In Francia, l’organo giuridico che si occupa delle cause legali tra i dipendenti e i datori di lavoro in termini di Diritto Privato, è il Conseil des Prud’hommes (CPH). (Nel caso di un contratto di lavoro rilevante del Diritto Pubblico, occorre invece rivolgersi al Tribunale Amministrativo).

In che circostanze?

Il ricorso ai Prud’hommes è possibile nel caso di un litigio legato a:

– Un licenziamento (o qualunque altra rottura del contratto di lavoro)

– Il pagamento dello stipendio o dei premi

– La durata del lavoro

– I giorni di ferie o di riposo

– Le condizioni di igiene o sicurezza sul posto di lavoro

– La consegna dei documenti di fine contratto

– Le molestie morali, sessuali o in caso di discriminazione

Come procedere per fare causa tramite il Consiglio dei Prud’hommes?

Il dipendente (o il datore di lavoro) deve indirizzare la domanda (per posta o direttamente sul posto) al Consiglio dei Prud’hommes del luogo dello stabilimento in cui il dipendente lavora, o del luogo in cui il contratto di lavoro è stato firmato, o del luogo della sede sociale della ditta. Se il dipendente lavora da casa, del luogo del suo domicilio.

La domanda deve contenere:

– le generalità del denunciante

– le generalità del denunciato

– il formulario CERFA 15586*02

– l’oggetto della domanda

– un riassunto dei motivi della domanda e la somma richiesta per la riparazione del pregiudizio

– i documenti giustificativi che sostengono i motivi della denuncia

– la lista che enumera i documenti giustificativi (disponibile qui)

Per scrivere questa domanda, così come per seguire la procedura, potete farvi assistere dal Delegato Sindacale della vostra ditta (se ce n’è uno), o da un Sindacato, oppure da un professionista della giurisprudenza.

I tempi della procedura sono tra i 12 e i 18 mesi, più lunghi se si fa appello.

E se si tratta di un’urgenza?

Per le situazioni a carattere urgente esiste una procedura a rito abbreviato detta Référé, che permette una decisione in 1 a 6 mesi.

Questa procedura è riservata alle situazioni in cui non vi può essere una contestazione seria da parte della parte avversa, oppure per agire a titolo conservativo al fine di evitare un litigio imminente. Per esempio, nel caso di un mancato pagamento dello stipendio, o della mancata ricezione dei documenti di fine contratto. In questi casi si tratta tipicamente di mancamenti difficilmente contestabili da parte del datore di lavoro.
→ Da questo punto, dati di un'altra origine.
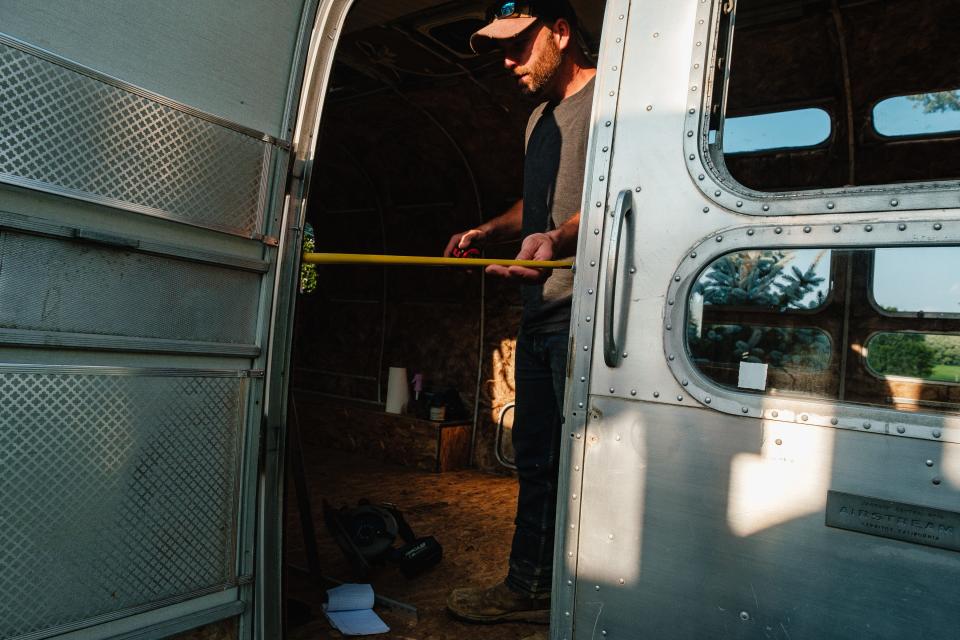 Craig Poole is taking measurements while working to convert a 1973 AirStream trailer into a boutique located on his property in Warren Township. The boutique is planned to be an addition to Sasha Poole's current business at their homestead, The Mod Chair Cosmetic Parlour. Craig plans to make the boutique handicap-accessible.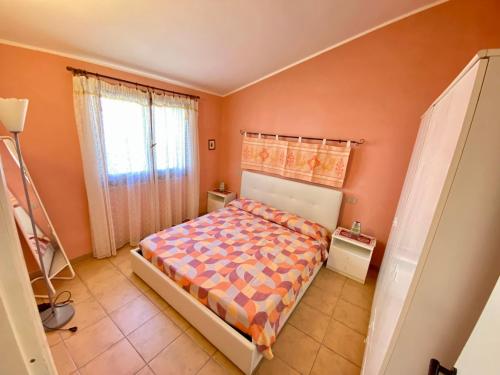 a bedroom with a bed and orange walls at Casa con giardino con climatizzatore!!! in Costa Rei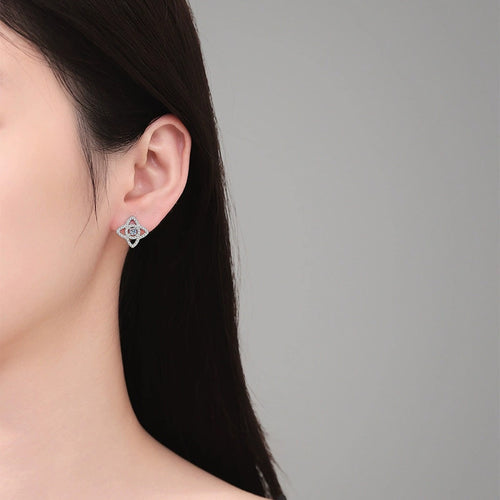 Compass Star Moissanite Stud Earrings with CZ in White Gold-Plated S925 Sterling Silver worn on ear by model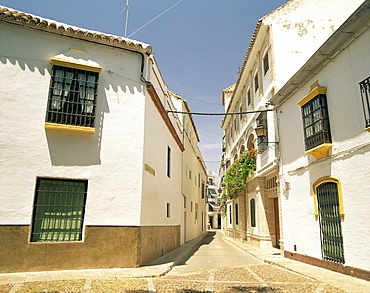 White walled houses on a narrow street in the village of Ecija, in the province of Seville, Andalucia, Spain, Europe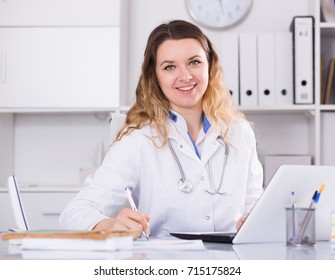 Portrait Of Young Medical Worker In Medical Center Sitting At The Table

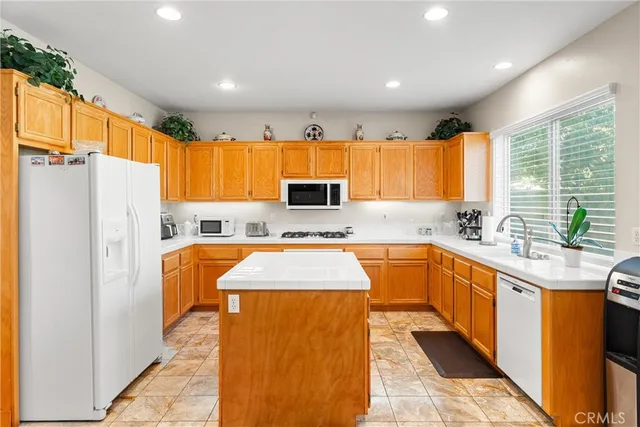 a kitchen with stainless steel appliances granite countertop a refrigerator sink and cabinets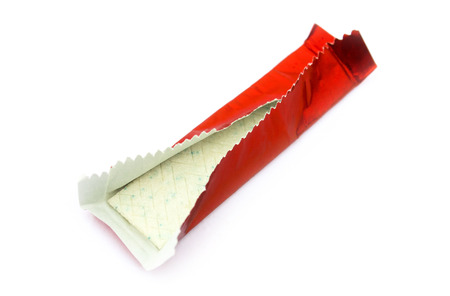 Chewing gum in red shiny wrapper isolated on whiteの写真素材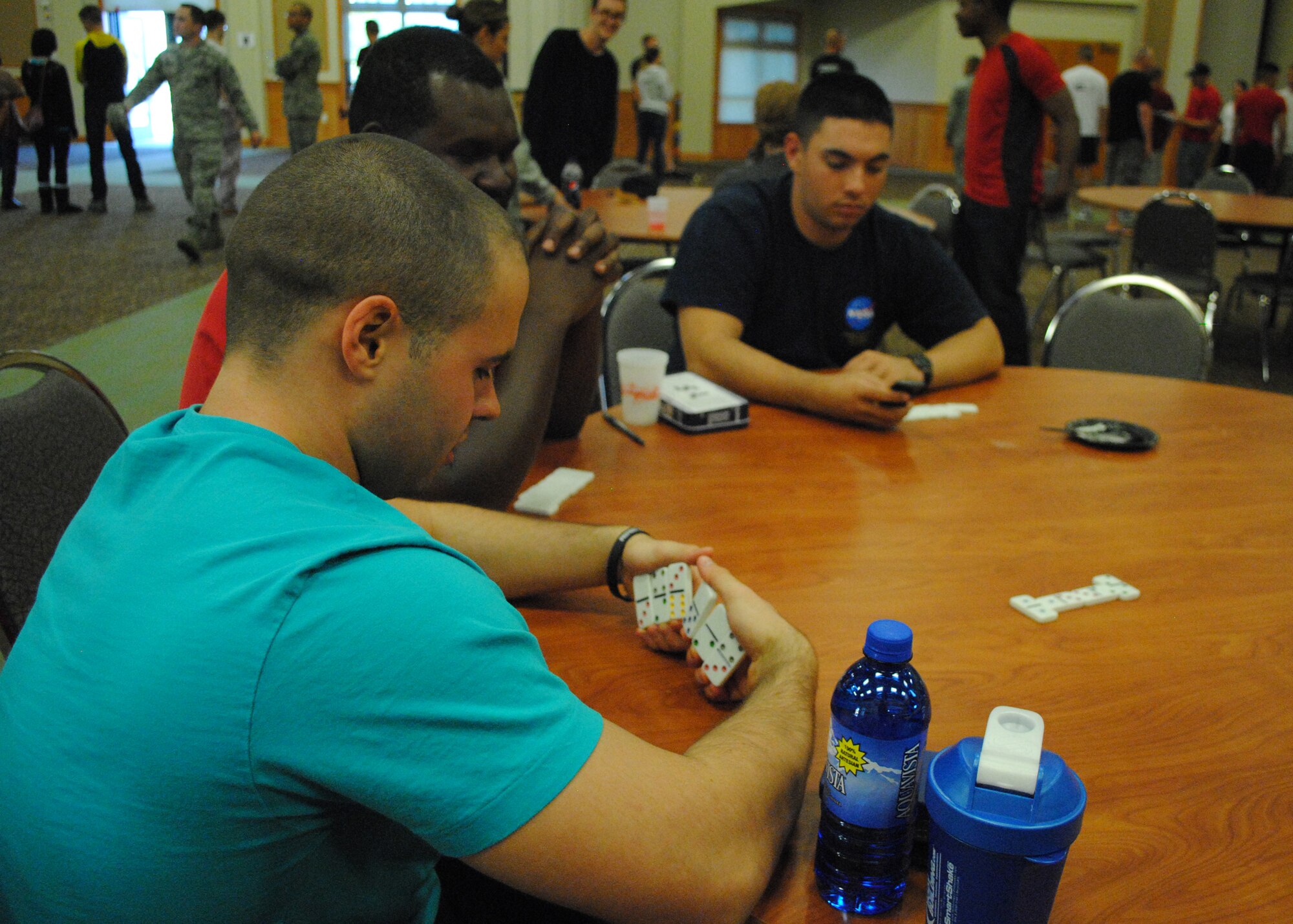 Airman 1st Class Adam Roberts, 341st Logistics Readiness Squadron traffic management apprentice, left, looks at his dominoes before making a move during a game at the Wing Sports Smackdown on Sept. 28. Airmen had the chance to choose from more than 10 games. From football and basketball, to Dance Central and ladder golf, there was something for everyone. (U.S. Air Force photo/Airman 1st Class Katrina Heikkinen)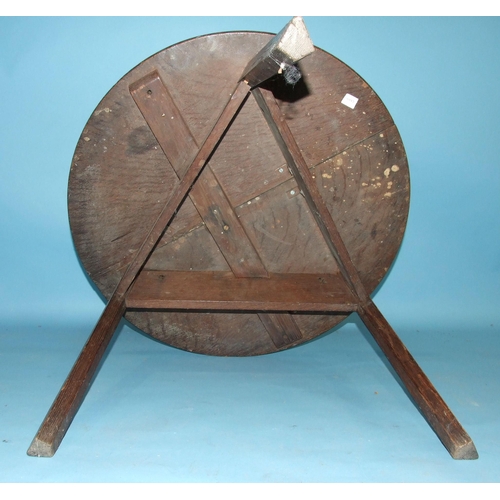 88 - A 19th century oak circular cricket table on chamfered legs, 68cm diameter.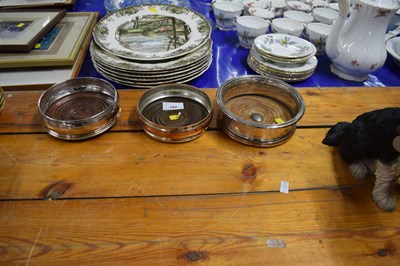 Lot 192 - Three silver plated bottle stands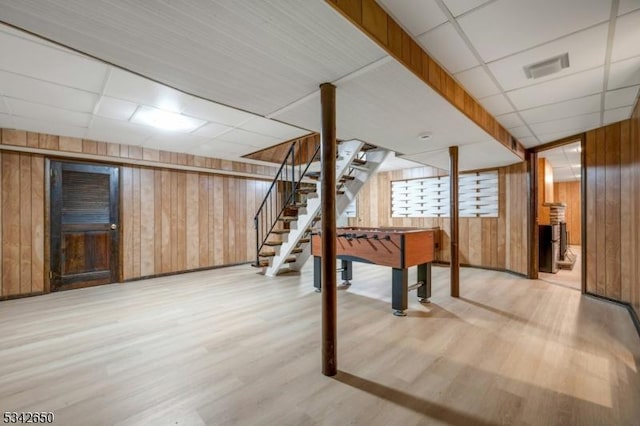 below grade area with stairway, wood walls, and wood finished floors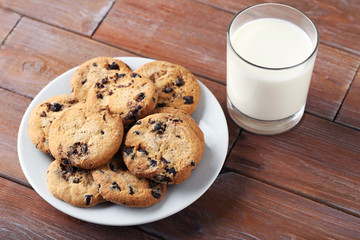 Chocolate chip cookies with glass of milk on brown wooden table
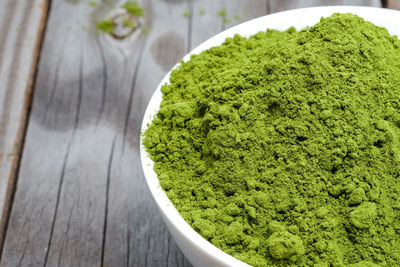 Close-up of green bowl on table
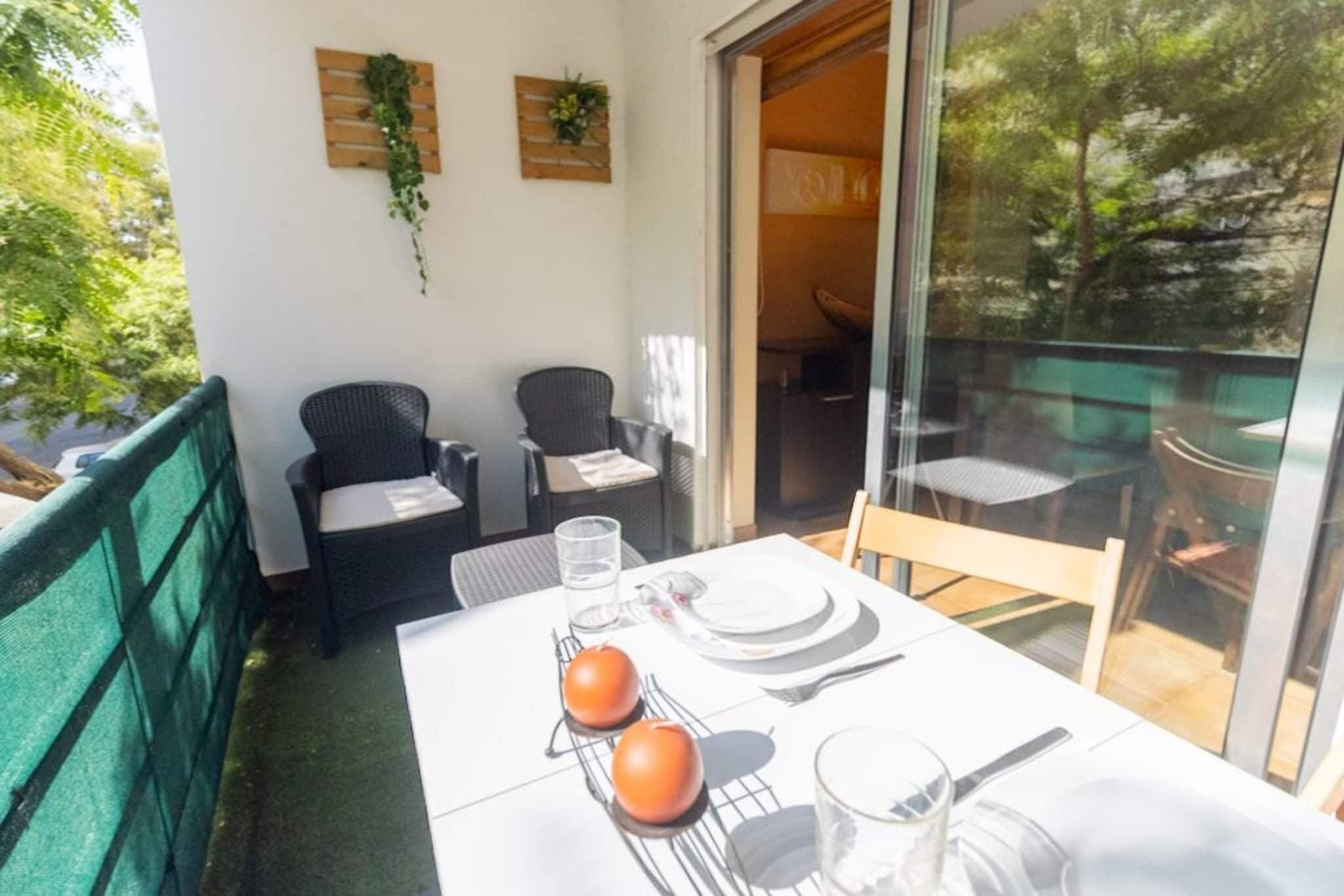 A balcony with a table set for two, two wicker chairs, a glass of water, and a plate with two tomatoes.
Un altro esempio di azione a titolo conservativo è l’utilizzo di questa procedura per evitare il licenziamento di una dipendente incinta o di far rispettare le regole di sicurezza sul posto di lavoro.

Presso chi ci si può informare sui propri diritti?

In caso di dubbi o domande in termini di Diritto del Lavoro, o per chiedere consiglio su una situazione conflittuale o illecita sul proprio posto di lavoro, ci si può rivolgere alla DIRECCTE del département in cui l’azienda è domiciliata, ovvero l’Ispettorato del Lavoro. A seconda dell’indirizzo dell’azienda sarete messi in contatto con il controllore che si occupa del settore. La vostra conversazione con la DIRECCTE sarà coperta dal segreto professionale e il vostro datore di lavoro non sarà informato della vostra presa di contatto.